--- START ---

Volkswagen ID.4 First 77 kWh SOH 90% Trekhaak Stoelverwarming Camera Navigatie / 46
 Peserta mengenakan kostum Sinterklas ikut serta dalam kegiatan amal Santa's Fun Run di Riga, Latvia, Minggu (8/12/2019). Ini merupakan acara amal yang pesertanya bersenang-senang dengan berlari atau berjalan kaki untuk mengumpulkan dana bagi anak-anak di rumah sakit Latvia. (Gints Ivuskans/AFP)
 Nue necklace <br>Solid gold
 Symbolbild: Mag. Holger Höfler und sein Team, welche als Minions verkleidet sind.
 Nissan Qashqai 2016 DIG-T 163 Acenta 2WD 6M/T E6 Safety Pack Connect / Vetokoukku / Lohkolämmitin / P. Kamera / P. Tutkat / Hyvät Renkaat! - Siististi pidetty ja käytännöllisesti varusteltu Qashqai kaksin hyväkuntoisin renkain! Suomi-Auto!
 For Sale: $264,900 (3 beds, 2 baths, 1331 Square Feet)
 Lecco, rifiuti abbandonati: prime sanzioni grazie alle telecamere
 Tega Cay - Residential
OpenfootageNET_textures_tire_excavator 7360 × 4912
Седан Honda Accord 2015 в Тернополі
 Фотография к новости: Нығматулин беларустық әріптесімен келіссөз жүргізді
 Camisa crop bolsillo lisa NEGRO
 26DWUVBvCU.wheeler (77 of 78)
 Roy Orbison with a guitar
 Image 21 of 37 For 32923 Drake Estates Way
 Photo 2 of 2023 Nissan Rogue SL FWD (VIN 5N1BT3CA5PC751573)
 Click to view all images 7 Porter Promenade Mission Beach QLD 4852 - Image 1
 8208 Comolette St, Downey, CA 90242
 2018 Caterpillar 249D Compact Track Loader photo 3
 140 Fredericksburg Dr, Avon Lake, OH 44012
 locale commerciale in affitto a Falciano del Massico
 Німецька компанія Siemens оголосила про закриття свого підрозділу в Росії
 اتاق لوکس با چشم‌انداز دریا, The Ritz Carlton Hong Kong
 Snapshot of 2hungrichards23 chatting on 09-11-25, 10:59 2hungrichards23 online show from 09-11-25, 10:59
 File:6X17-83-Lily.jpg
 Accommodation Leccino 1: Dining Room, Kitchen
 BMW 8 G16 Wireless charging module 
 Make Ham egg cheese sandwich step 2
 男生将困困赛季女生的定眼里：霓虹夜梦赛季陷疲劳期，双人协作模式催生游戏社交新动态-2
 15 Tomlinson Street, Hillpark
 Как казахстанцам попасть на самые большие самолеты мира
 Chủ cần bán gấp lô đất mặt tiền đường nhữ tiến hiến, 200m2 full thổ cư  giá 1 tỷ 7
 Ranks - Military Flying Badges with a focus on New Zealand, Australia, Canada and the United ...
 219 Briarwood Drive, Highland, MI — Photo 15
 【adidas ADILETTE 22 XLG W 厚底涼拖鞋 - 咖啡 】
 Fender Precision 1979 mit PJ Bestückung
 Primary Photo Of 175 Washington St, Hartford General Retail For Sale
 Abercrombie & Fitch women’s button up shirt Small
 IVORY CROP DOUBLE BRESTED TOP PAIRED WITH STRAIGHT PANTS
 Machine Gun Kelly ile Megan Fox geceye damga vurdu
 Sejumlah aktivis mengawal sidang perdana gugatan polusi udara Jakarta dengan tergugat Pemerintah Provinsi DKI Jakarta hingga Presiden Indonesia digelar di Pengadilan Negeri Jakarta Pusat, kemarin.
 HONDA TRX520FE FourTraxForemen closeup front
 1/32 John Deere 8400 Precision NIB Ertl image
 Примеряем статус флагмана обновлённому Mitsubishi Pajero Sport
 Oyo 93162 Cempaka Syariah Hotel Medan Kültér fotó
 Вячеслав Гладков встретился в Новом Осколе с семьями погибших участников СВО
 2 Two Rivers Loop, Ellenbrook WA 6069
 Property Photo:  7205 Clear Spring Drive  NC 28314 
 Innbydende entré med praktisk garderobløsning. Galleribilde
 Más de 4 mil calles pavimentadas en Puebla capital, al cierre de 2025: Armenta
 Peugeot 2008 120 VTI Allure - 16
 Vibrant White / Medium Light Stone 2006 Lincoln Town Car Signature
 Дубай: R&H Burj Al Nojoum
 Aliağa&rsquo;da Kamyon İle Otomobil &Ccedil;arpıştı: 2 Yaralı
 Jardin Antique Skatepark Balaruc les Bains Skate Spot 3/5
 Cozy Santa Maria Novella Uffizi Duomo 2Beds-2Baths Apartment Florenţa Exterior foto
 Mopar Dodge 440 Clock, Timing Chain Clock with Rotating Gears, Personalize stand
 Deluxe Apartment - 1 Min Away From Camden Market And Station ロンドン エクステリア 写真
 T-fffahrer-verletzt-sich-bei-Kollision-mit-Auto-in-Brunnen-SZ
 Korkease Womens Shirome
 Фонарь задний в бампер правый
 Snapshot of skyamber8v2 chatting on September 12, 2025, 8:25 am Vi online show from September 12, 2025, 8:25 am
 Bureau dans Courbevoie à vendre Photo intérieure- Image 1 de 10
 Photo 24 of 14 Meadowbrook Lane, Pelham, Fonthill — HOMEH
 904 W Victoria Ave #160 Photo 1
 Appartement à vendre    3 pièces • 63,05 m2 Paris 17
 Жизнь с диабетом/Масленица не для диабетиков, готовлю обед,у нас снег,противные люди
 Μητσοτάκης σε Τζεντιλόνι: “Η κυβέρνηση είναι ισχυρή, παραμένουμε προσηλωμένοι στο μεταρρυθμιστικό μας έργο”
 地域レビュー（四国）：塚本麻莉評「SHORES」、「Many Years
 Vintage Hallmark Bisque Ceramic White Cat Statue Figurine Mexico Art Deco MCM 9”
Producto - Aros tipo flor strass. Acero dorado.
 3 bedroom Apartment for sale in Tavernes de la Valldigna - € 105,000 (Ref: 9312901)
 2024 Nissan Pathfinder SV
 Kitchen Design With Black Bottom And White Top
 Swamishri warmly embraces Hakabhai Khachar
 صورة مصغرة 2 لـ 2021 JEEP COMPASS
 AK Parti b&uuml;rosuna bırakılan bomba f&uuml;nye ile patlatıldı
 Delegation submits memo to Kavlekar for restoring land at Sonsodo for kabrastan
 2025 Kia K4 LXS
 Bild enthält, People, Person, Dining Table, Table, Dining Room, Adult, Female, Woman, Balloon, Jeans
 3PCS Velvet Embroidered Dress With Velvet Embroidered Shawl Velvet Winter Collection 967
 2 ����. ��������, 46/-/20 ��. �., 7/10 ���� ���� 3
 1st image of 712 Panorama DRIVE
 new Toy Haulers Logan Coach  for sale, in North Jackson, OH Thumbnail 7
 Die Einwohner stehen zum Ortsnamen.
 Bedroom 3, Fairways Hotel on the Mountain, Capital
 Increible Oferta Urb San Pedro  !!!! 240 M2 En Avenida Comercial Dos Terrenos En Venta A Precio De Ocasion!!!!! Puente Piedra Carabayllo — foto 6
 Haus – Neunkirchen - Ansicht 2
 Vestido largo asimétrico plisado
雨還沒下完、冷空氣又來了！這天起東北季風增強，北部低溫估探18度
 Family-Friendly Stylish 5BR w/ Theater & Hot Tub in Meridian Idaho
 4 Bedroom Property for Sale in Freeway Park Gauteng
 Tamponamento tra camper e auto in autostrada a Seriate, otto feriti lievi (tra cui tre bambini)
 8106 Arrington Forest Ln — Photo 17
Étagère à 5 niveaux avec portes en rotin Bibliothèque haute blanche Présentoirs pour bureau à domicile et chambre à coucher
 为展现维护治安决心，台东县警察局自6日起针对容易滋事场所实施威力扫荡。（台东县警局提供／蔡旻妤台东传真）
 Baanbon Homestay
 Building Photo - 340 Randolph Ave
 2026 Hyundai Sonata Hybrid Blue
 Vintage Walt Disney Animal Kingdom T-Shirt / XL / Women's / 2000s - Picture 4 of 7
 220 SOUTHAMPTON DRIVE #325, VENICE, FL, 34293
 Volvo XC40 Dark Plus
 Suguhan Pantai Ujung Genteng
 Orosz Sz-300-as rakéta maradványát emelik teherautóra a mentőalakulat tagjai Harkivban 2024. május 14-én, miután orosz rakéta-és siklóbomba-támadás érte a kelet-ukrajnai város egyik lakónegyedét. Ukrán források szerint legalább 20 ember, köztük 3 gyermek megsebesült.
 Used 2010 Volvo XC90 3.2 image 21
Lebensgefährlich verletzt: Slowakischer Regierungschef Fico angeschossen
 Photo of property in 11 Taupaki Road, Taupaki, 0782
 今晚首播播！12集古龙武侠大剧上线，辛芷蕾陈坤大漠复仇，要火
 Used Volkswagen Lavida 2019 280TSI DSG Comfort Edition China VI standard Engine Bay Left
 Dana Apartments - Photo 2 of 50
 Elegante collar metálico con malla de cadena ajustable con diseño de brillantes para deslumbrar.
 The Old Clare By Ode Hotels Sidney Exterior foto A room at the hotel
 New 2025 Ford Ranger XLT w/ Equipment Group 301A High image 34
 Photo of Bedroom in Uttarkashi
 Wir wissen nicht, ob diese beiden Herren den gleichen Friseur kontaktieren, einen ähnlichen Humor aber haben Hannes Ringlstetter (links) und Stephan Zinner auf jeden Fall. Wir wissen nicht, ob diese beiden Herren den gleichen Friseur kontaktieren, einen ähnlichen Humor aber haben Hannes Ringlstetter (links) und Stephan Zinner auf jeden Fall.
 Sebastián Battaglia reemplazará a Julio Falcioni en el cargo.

--- END ---

** Work instruction **
Everything above from the line containing "صورة مصغرة 2 لـ 2021 JEEP COMPASS" down to the line containing "Die Einwohner stehen zum Ortsnamen." is to be transcribed exactly, with both of those lines included and nothing else added.

** Reply to the task **
 صورة مصغرة 2 لـ 2021 JEEP COMPASS
 AK Parti b&uuml;rosuna bırakılan bomba f&uuml;nye ile patlatıldı
 Delegation submits memo to Kavlekar for restoring land at Sonsodo for kabrastan
 2025 Kia K4 LXS
 Bild enthält, People, Person, Dining Table, Table, Dining Room, Adult, Female, Woman, Balloon, Jeans
 3PCS Velvet Embroidered Dress With Velvet Embroidered Shawl Velvet Winter Collection 967
 2 ����. ��������, 46/-/20 ��. �., 7/10 ���� ���� 3
 1st image of 712 Panorama DRIVE
 new Toy Haulers Logan Coach  for sale, in North Jackson, OH Thumbnail 7
 Die Einwohner stehen zum Ortsnamen.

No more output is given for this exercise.